The point is that if we have that platform of the International Association of Buddhist Universities, we need to organize it with good governance. What are the main factors of good governance?
The first thing is participation. We expect that participating universities and colleges will come forward to join our movement. It is not on an individual basis, but on the basis of institutions. We want to draw as much participation as possible from the existing institutions in the world. Maybe in the future you have to be open for new members to discuss in our platform. So participation is the first factor of good governance. Participation not only from the far developed institutions, but for whatever possible ways we can help each other we open our platform, we open our hearts to welcome [all members] – and to pledge for the developed institutions to help us, to guide us, so that we can have something to provide support to each other.

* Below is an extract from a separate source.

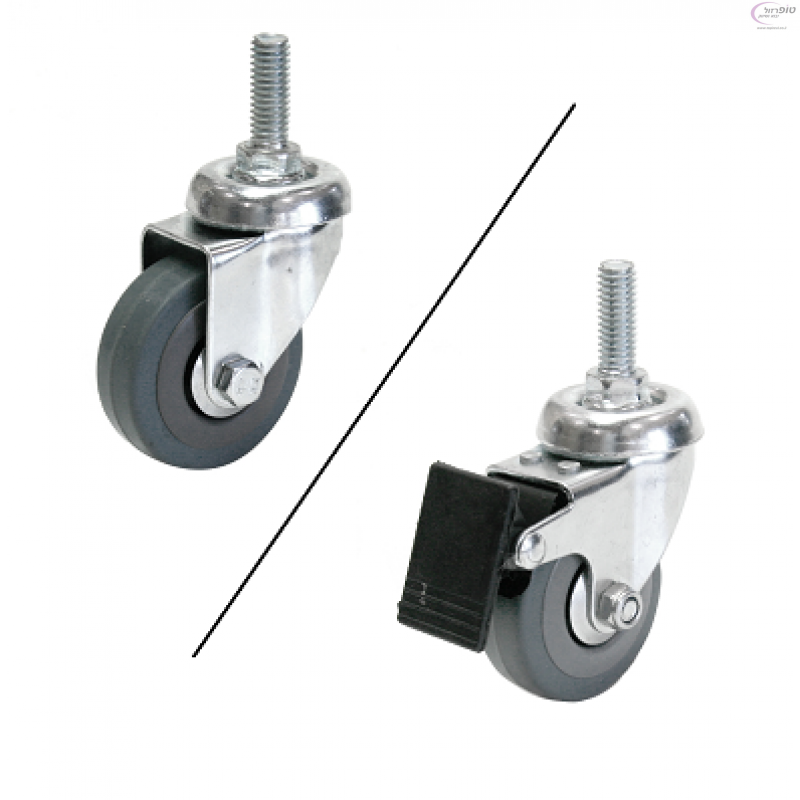  גלגל בורג 3/8 אפור 3"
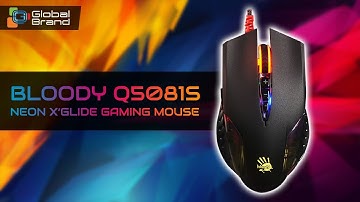 BLOODY Q5081S NEON X’GLIDE GAMING MOUSE | A4TECH | Global Brand Pvt Ltd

The second aspect of good governance in our association would be accountability. If there is any difficulty and someone asks for our help, this association must be ready to provide assistance, not to avoid the crying voice to help us here or there… In poor countries, we must be ready to help them, to develop them. If possible we can set up information technology or computer networks – networking our institutions together – so that we can have teleconferences or whatever is necessary and possible through information technology. The way that our Venerable Friend from Australia, Panyavaro can set up a Buddhist E-Library can serve our purpose here. That is for accountability.
The other factor of our platform would be transparency. Our working together must be transparent, we must have check and balance, so that we can have confidence in each other. That means whatever we are doing we must be doing it with concentration, with contributions from our friends within equal rights to know what we are doing.
The last factor that we expect from the new platform is efficiency – invest less, put less money, less energy and effort with more productivity. We don’t have to spend much time, much money to run this platform, but with our contributions from each institution we can have something “more multiplied” – that is, efficiency.
So, if we have these guidelines in our minds in the Buddhist way, we expect that our association will continue to serve our purpose with much success. So, If I may join you, I think that it is necessary to lay down these guidelines of good governance to run our own association and also societies, so that we can invite newcomers into our association and work together on equal terms, with the aspects of Buddhism helping each other, not to exploit [each other], not to do anything [that is] against Buddhist principles.
Maybe institutions in rich countries can have independent bodies without relying on others, but according to the law of paticcasamuppada – dependent origination – we have to depend on each other for our survival in the present-world. The Buddha has taught us this, and we ask you all here, according to the law of dependent origination that we will stick to the law and work it with discipline. I hope we can achieve our objectives, of coming here and doing something together. With this, I open the meeting and welcome you to this symposium.